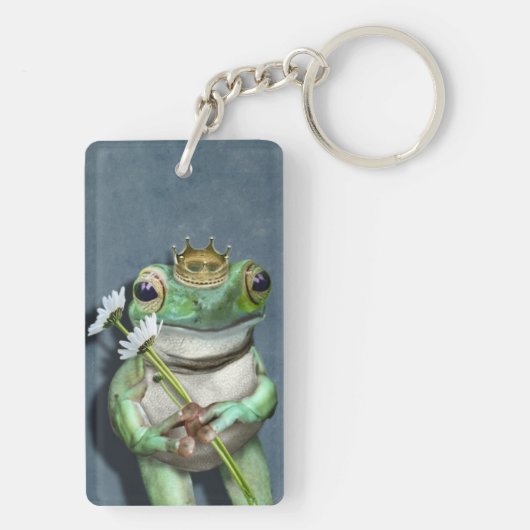 Portret van de kikkerprins sleutelhanger (achterkant)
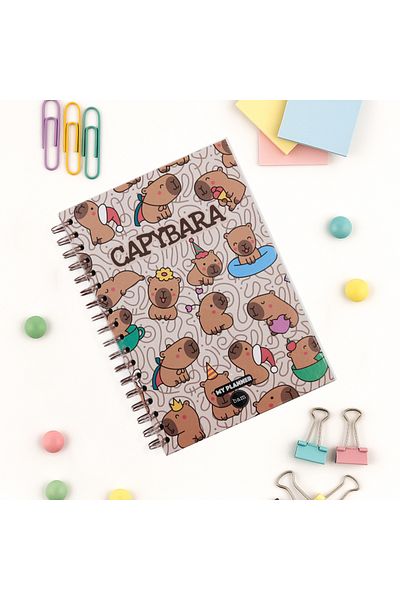repro design Capypara Talking Planner Weekly Planner Sticker Spiral Notebook
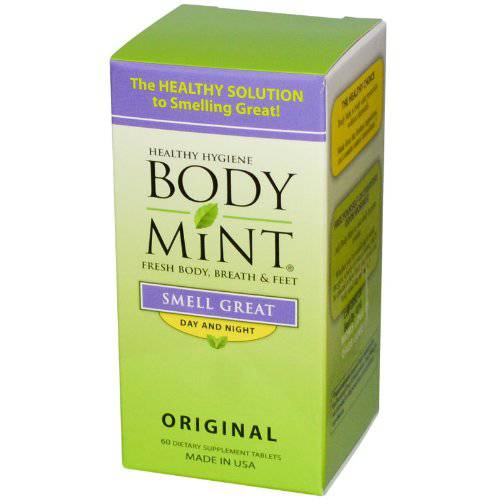 Body Mint Smell Great Day and Night Original 60 Tablets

TASK BRIEF = Go back to the line that contains "repro design Capypara" and copy it, along with each line after it through the end of the listing above, exactly and without pictures.

ANSWER BOX =
repro design Capypara Talking Planner Weekly Planner Sticker Spiral Notebook
 Body Mint Smell Great Day and Night Original 60 Tablets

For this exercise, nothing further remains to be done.